She hesitated. ‘I’m afraid it might,’ she answered. ‘You understand why I daren’t go alone.’
‘My first suggestion is that we find at least one other man to go with us,’ I told Della. For I had already mentally agreed to help the lady out. I liked Della, and always found her to have a good heart.
Besides, no woman – or man for that matter – would travel those plains alone with a known large quantity of gold money.
‘I can’t think of a single man I’d trust … except you,’ Della said.
‘What about Henry Coughlin?’ I suggested, remembering her old bartender. Della laughed out loud.
‘Henry’s seventy years old! Can you see him fighting off a band of raiders?’
‘He can drive a wagon, can’t he?’ I replied. ‘With you selling out, he will likely be replaced on his job, won’t he? If he agrees, he could handle the wagon, leaving me free to ride at will and keep an eye on the backtrail.’
‘I hadn’t thought of that,’ Della said thoughtfully. ‘Then Henry and I could spell each other at the reins.’
‘That’s right. That way, we’d be sure to roll into Steubenville in no more than four, five days. When is your brother expected … and your sister?’
‘Next week,’ Della said. ‘I’m cutting it close to find some property and buy it, pretend that I’m a substantial citizen. I’ll need to buy some sturdier clothes,’ she said, smoothing her silk skirts again, drifting off into a woman’s way of thinking. Me, I was thinking about supplies, ammunition, finding a wagon and team of horses. We all have different priorities in this world. Della was thinking mainly of trying to shed her image and refashion herself for her younger sister and brother, Brian.
I was thinking more about getting her to Steubenville alive, her purse intact.
‘I’ll talk to Henry,’ I told Della as I stood, offered her my hand and tugged her to her feet. ‘If you can promise him a place to bunk once you get your little place built, he’ll leap at it. A seventy-year-old man doesn’t have a lot of options in this country.’
‘No, you’re right. I can promise him that much,’ Della said, standing so near to me that I could feel the heated scent of her body. She was still a fine-looking woman, but she was not for me, had never been. I liked her too much as a friend to risk complications.
‘Anything else, Della?’ I asked, as we started back toward the brawling town. ‘Anyone in particular I should be watching?’
She stopped, lifted her eyes once again and answered, ‘Of course, Miles. The man we both are going to have to keep an eye on. Tom DeFord has been asking around. He’s found out that I am going to sell the saloon and that I am to be paid in gold. I don’t think he would have any compunctions about robbing me, do you?’

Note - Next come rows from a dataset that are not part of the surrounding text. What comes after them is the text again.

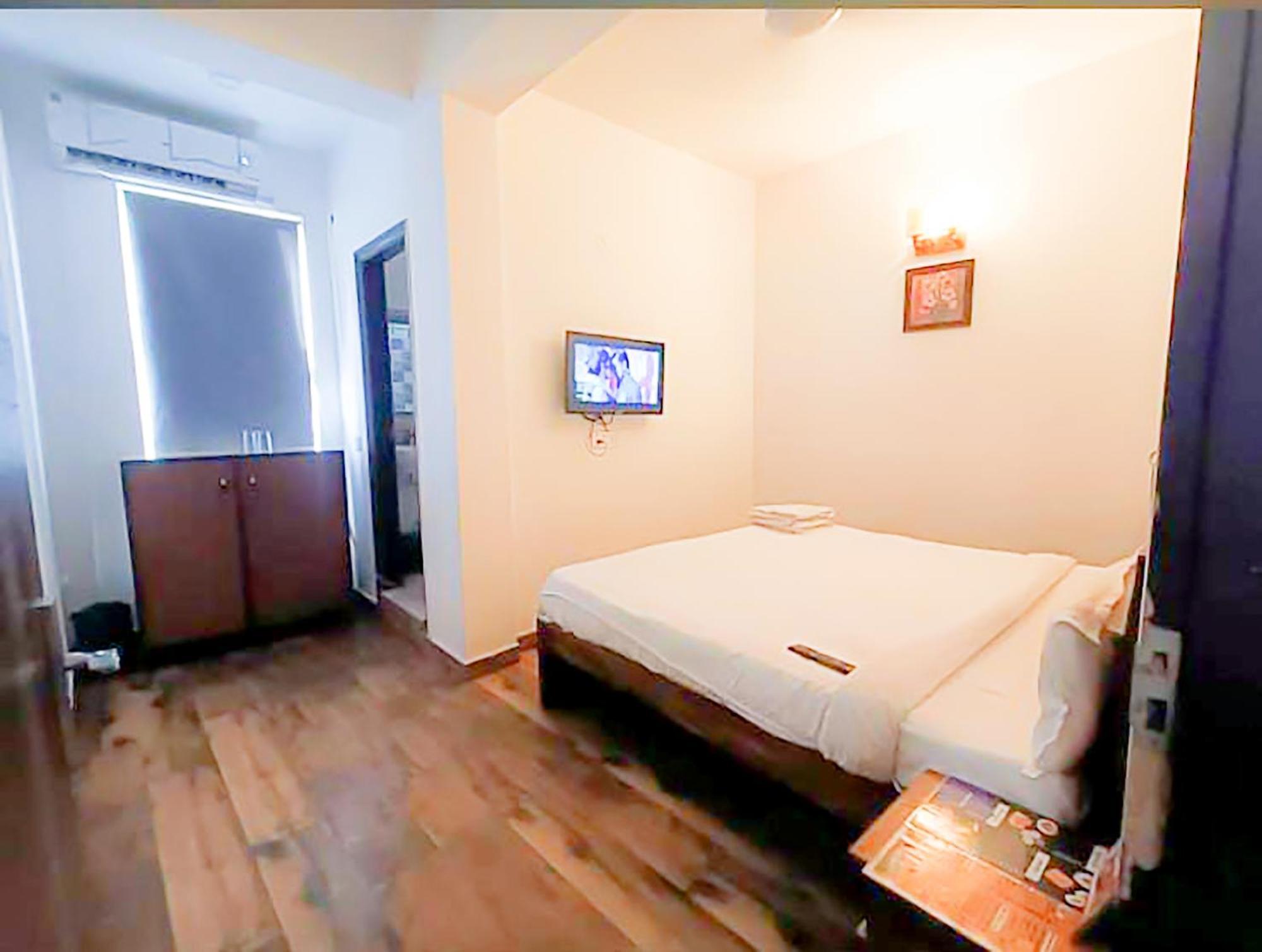 Hotel Blu - Saket Dlf Avenue ניו דלהי מראה חיצוני תמונה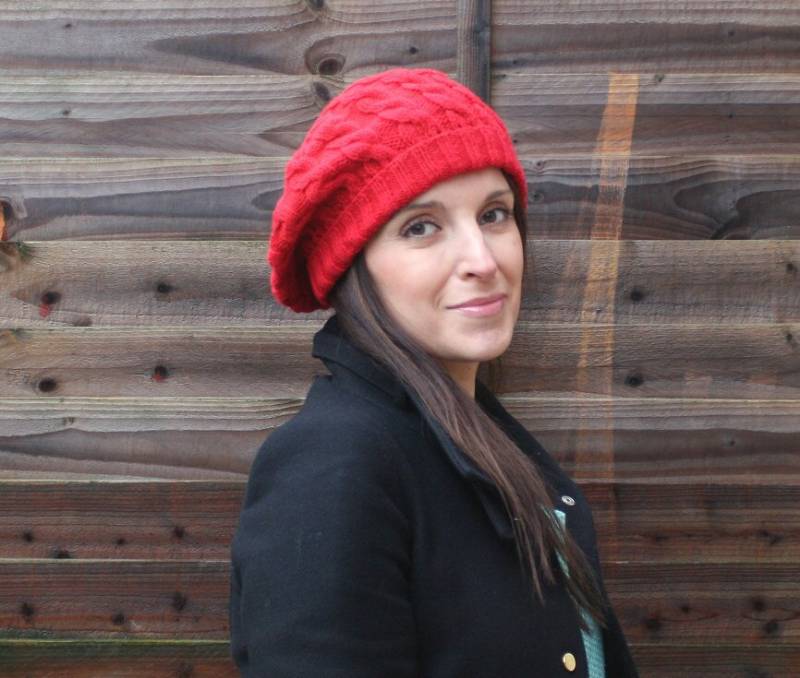 Handgemachte Wolle Zopfmuster Baskenmütze - Rote Wintermütze von JKnitting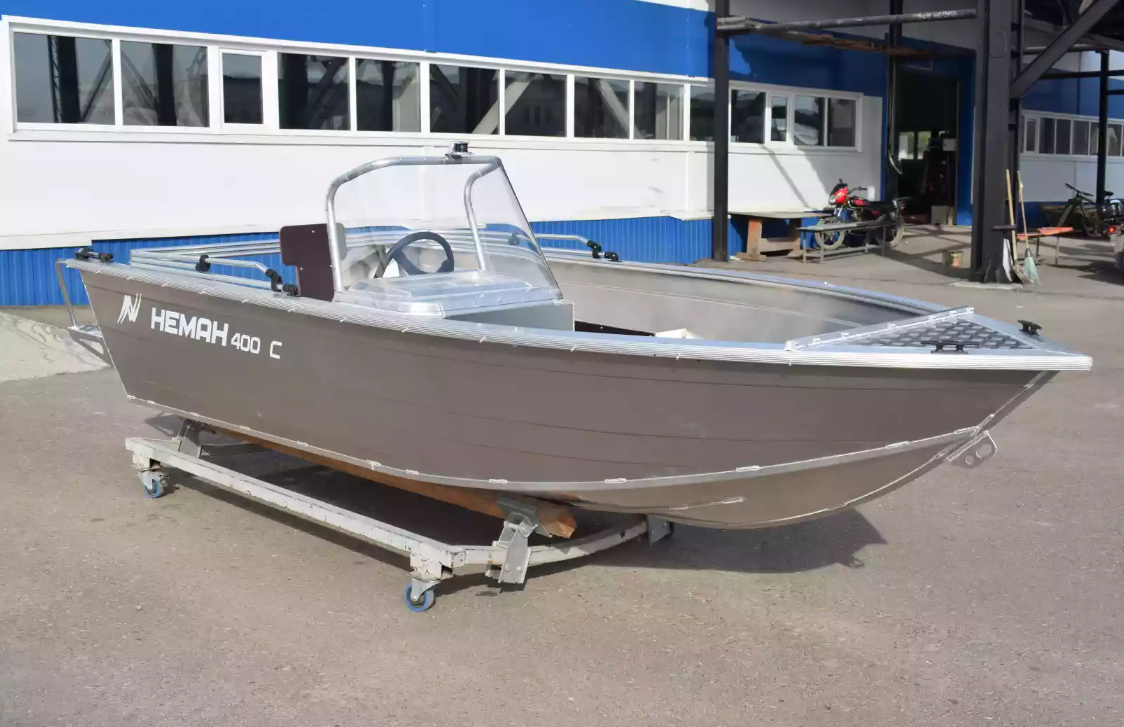 Алюминиевая лодка Неман-400 С в Октябрьском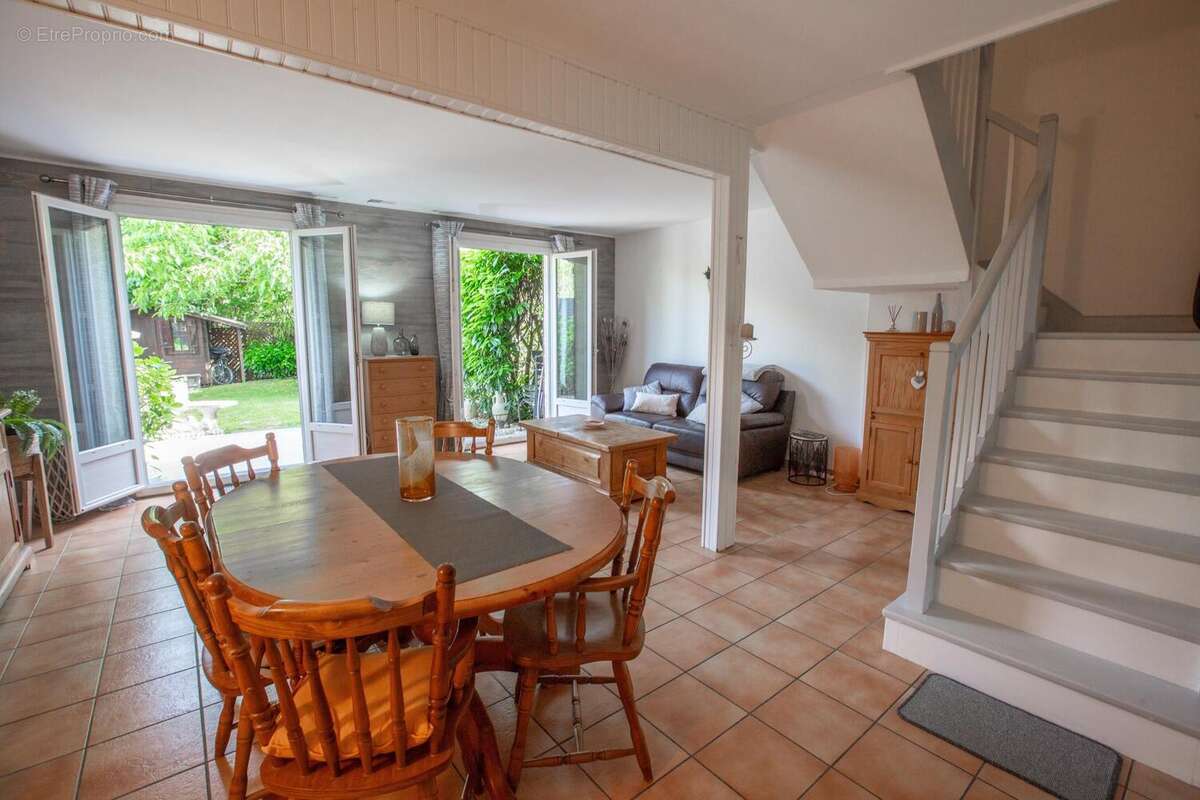Photo 3 - Maison à LE MESNIL-SAINT-DENIS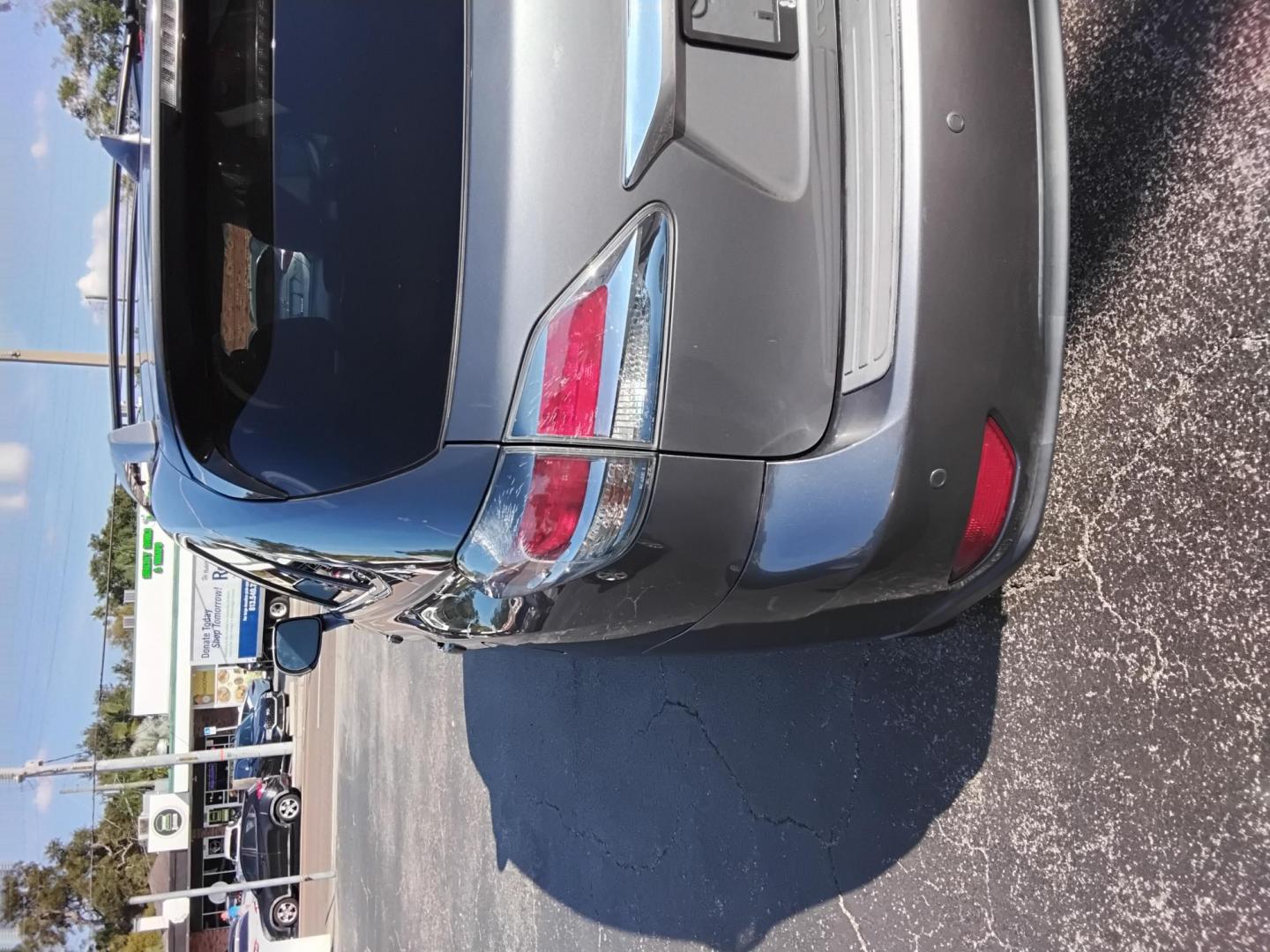 2015 GRAY /Black Lexus RX 350 FWD (2T2ZK1BA8FC) with an 3.5L V6 DOHC 24V engine, 6-Speed Automatic transmission, located at 6112 N Florida Avenue, Tampa, FL, 33604, (888) 521-5131, 27.954929, -82.459534 - 499$ down plus tax & tag. - Photo#8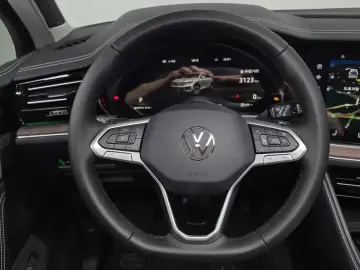 2025 Volkswagen Touareg с пробегом 3 123 км
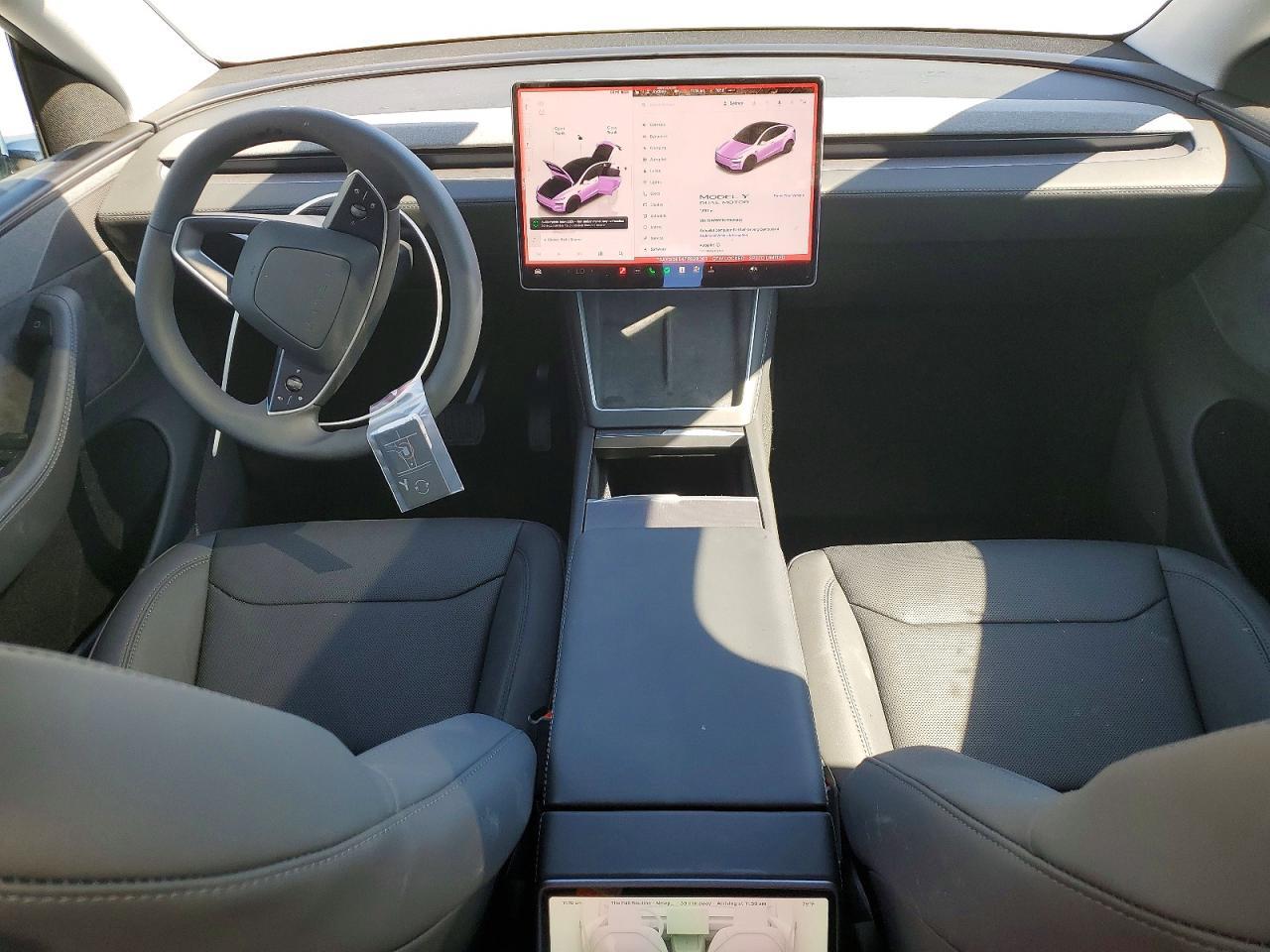 2026 Tesla Model Y - zdjęcie 8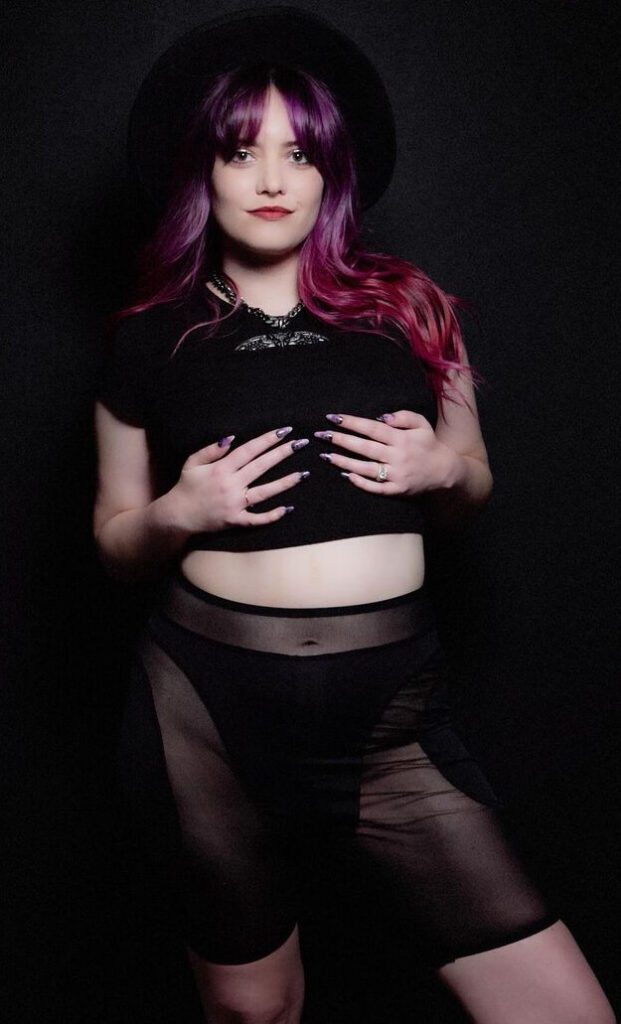 Youtube – Whitney Van Laningham – Nude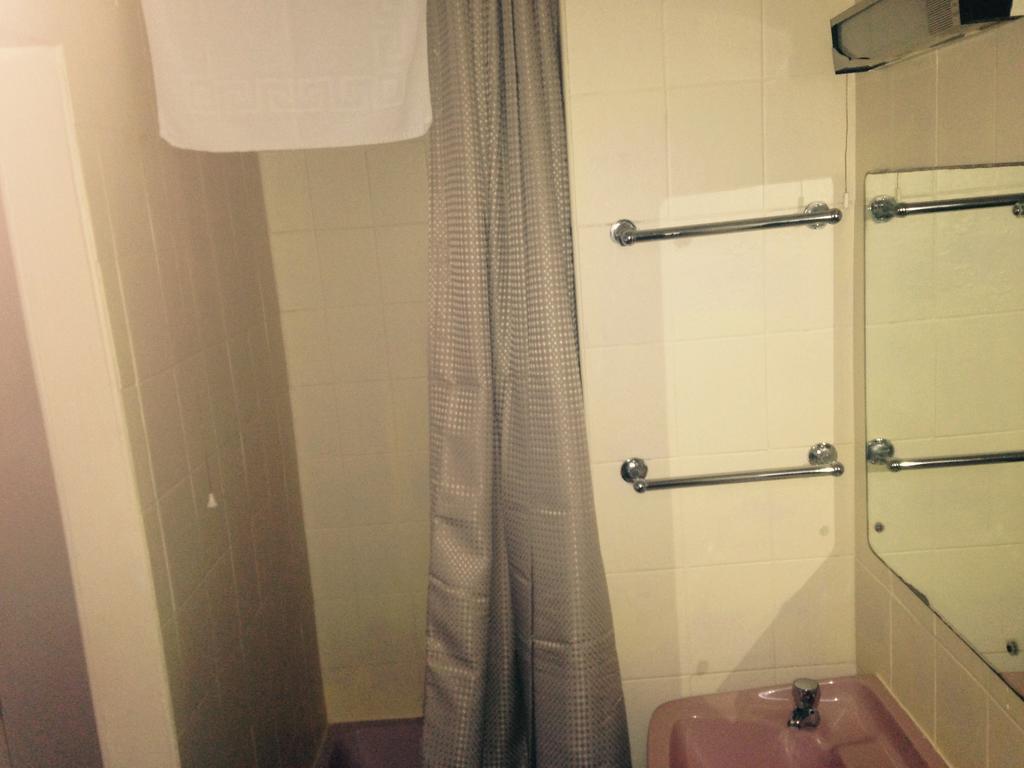 Peek-A-Booze - Budget Hotel - Adults Only Blackpool Phòng bức ảnh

‘No,’ I answered carefully.
No, DeFord would have no compunctions at all in robbing a lady out on the lonesome prairie, nor of assaulting her. And if he was given the opportunity to kill me, he would accept that bonus quite cheerfully.
The sky was full dark when we reached Deadwood, meaning it was beginning to wake up. The streets were alive with brawling, staggering men. There was the sound of breaking glass, wild cursing and twice a gunshot sounding. We paused on the porch of the hotel where Della was staying and she looked up and down the rowdy boulevard.
‘God, how did I tolerate this for so long?’ she said miserably.
‘There’s things that have to be tolerated to survive,’ I said. Me, I felt the same way about Deadwood and any of a hundred other boom-towns scattered across the Dakotas. I liked the big country, the wilderness. There were times when too much solitude can shove a man toward the very brink of madness, but all it took was a day or two, a few hours, in the company of too many men to make me wish to return to the long plains and deep lonely forests.
‘Let’s go on in,’ Della said with a shake of her head. She turned toward the hotel entrance, then halted abruptly, gripping my arm tightly at the elbow. Her face had gone white, her eyes were wide.
‘What is it, Della?’
She was a long minute answering. Her gaze was fixed on some unsettling sight I could not make out. ‘They’re here!’ Della said in near-panic.
‘Who’s here? What are you talking about, Della?’
‘My brother, Brian. And Regina.’
Now, studying the length of the boardwalk I saw a tall, rangy man moving with a limp, a young pretty girl on his arm walking directly toward us. I knew what she was thinking. Now they would find out what sort of reputation Della had in Deadwood. There was no way to hide her shame. Her plan had fallen apart.
I put my arm across her quaking shoulders. ‘It doesn’t matter, Della. If they love you, the rest of it won’t matter to them at all.’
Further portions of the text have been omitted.